I’ve been wanting to explore cheese-making since we moved to the country but I haven’t gotten around to it until now. The first summer we lived here I met a woman who owned a few dairy cows who was willing to let me have some raw cow’s milk if I came and milked the cow myself, but the one and only time I tried to milk it the cow didn’t like my long fingernails and kept swishing her tail at me and half kicking me. Not that I can blame her.
Ramon’s niece Anna was visiting from the Netherlands that summer and she was much better at the cow milking than me since she was going to veterinary school and had done an internship on a sheep farm, but she wasn’t going to stay long enough for us to put her to work as chief milker. Soon after that the owner of the cow moved away, along with her cows, and there went my source for raw cow’s milk.

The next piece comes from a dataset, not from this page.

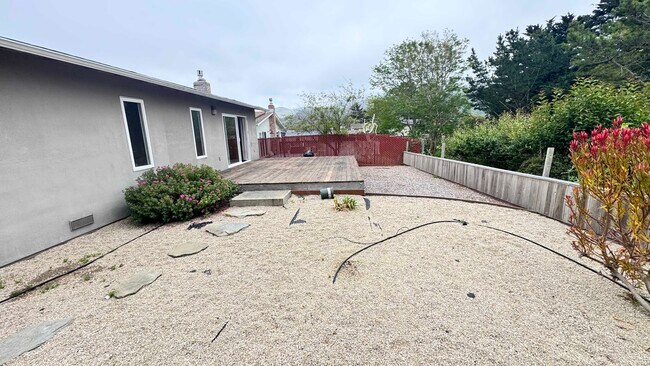Building Photo - 1134 Manzanita Dr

For my inaugural attempt I decided to make chevre, rumored to be one of the easiest cheeses to make. I dutifully obtained the direct-set cheese culture from Amazon and began to heat up the milk to exactly 86 degrees as the recipe instructed, when I realized that my thermometer was broken so I couldn’t get a read on the temperature. I dug deep in my back shelves to find my candy thermometer but it doesn’t start measuring until 100 degrees so it wouldn’t work either.
Back to Amazon to order a dairy thermometer. I poured the partially heated milk back into the jars, placed them back in the refrigerator, and then waited for the thermometer to arrive. I wasn’t sure if I had ruined everything with my false start, or how long the milk would last in the refrigerator before it soured, but I had to accept my situation since I wasn’t going to jump in the car and drive an hour to Sacramento in search of a dairy thermometer.
A few days later the thermometer arrived (could we live in the country without Amazon Prime? I’m not so sure) and I made my second attempt. I sniffed the goat’s milk (no sour smell detected) and we were off. Really, it was super easy. I heated the milk to 86 degrees, added the starter, gave it a quick stir, and let it sit overnight for 12 hours. The next morning I drained the whey, ladled the firm cheese curds into cheese muslin, and hung it up for four hours over the sink to drain the rest of the way.
Voila! Fresh chevre made from locally produced raw goat’s milk. As soon as Otto is finished with his pet food chevre, I’m going to try to make feta.